Records for the exercise section start

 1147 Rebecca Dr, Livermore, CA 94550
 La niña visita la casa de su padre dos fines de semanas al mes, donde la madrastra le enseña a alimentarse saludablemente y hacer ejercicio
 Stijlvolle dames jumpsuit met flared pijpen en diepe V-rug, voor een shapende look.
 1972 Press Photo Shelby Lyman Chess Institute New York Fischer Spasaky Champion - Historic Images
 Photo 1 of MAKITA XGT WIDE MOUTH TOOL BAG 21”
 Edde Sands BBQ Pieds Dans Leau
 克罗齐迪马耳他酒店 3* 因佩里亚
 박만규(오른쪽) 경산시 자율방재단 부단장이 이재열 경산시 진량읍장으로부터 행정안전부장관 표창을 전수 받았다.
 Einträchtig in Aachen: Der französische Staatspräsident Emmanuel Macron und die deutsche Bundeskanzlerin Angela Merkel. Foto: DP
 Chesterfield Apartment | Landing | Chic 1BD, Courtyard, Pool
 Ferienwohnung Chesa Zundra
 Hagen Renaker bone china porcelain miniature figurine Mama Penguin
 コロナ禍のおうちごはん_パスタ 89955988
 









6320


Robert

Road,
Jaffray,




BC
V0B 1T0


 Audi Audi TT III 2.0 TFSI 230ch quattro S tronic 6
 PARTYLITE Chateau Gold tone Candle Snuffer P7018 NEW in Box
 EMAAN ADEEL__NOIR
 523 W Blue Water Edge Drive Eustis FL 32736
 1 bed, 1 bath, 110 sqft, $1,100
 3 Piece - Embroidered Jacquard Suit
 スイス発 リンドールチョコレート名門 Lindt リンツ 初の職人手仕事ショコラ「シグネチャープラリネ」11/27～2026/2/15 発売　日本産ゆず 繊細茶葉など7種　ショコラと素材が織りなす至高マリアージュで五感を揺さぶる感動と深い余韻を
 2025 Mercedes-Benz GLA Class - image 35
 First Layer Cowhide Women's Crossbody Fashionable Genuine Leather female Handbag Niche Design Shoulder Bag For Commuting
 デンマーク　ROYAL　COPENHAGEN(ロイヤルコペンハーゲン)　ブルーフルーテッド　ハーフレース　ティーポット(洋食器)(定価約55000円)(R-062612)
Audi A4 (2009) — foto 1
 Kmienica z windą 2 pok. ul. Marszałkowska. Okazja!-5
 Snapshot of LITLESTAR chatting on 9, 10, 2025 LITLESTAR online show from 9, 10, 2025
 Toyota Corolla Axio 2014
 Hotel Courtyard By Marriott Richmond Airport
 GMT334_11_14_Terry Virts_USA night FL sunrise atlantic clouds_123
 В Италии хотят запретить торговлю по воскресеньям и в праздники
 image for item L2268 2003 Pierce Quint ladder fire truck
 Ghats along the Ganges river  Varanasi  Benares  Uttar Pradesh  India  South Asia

Records for the exercise section end

● **What this task involves**:
The range begins at the line containing "Toyota Corolla Axio 2014" and ends at the last line of the entries; reproduce it exactly.

● **The answer**:
 Toyota Corolla Axio 2014
 Hotel Courtyard By Marriott Richmond Airport
 GMT334_11_14_Terry Virts_USA night FL sunrise atlantic clouds_123
 В Италии хотят запретить торговлю по воскресеньям и в праздники
 image for item L2268 2003 Pierce Quint ladder fire truck
 Ghats along the Ganges river  Varanasi  Benares  Uttar Pradesh  India  South Asia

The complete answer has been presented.